Proteins are commonly controlled by phosphorylation and dephosphorylation. When added to the protein, the phosphate group induces a change in the protein’s conformation. Regulation of protein activity in this manner involves attaching a phosphate group covalently to one or more of the protein’s amino acid side chains.

Which of the following are methods that can be used for purifying a protein of interest, in other words, isolating it from all other proteins?

a. chromatography and electrophoresis

b. chromatography and mass spectrometry

c. electrophoresis and crystallography

d. crystallography and cryoEM

a. chromatography and electrophoresis

Both chromatography and electrophoresis are methods for isolating a protein of interest. In chromatography, a mixture of proteins is passed through a matrix that separates individual proteins on the basis of size or charge or other properties. Proteins can also be separated by electrophoresis. In this technique, a mixture of proteins is loaded onto a polymer gel and subjected to an electric field; the polypeptides then migrate through the gel at different speeds depending on their size and net charge.

Which of the following statements is true regarding protein structure determination?

a. Mass spectrometry is the fastest way to determine the three-dimensional structure of a polypeptide or protein, regardless of its size.

b. Nuclear magnetic resonance can be used to determine the structure of proteins that are too large to crystallize.

c. Determination of a protein’s structure by x-ray crystallography requires prior knowledge of its amino acid sequence.

d. Cryo-electron microscopy can only be used to determine the structure of proteins that are small enough to avoid freezing.
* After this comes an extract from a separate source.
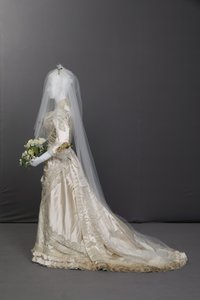 Esküvői ruha alkotó: Unknown artist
c. Determination of a protein’s structure by x-ray crystallography requires prior knowledge of its amino acid sequence.

The amino acid sequence of the protein is needed to interpret the diffraction pattern generated by x-ray crystallography. X-ray crystallography provides a “map” of the relative positions of the atoms that make up a protein. This map is interpreted by combining it with information about the protein’s amino acid sequence—like laying a labeled roadmap over an aerial image of a town.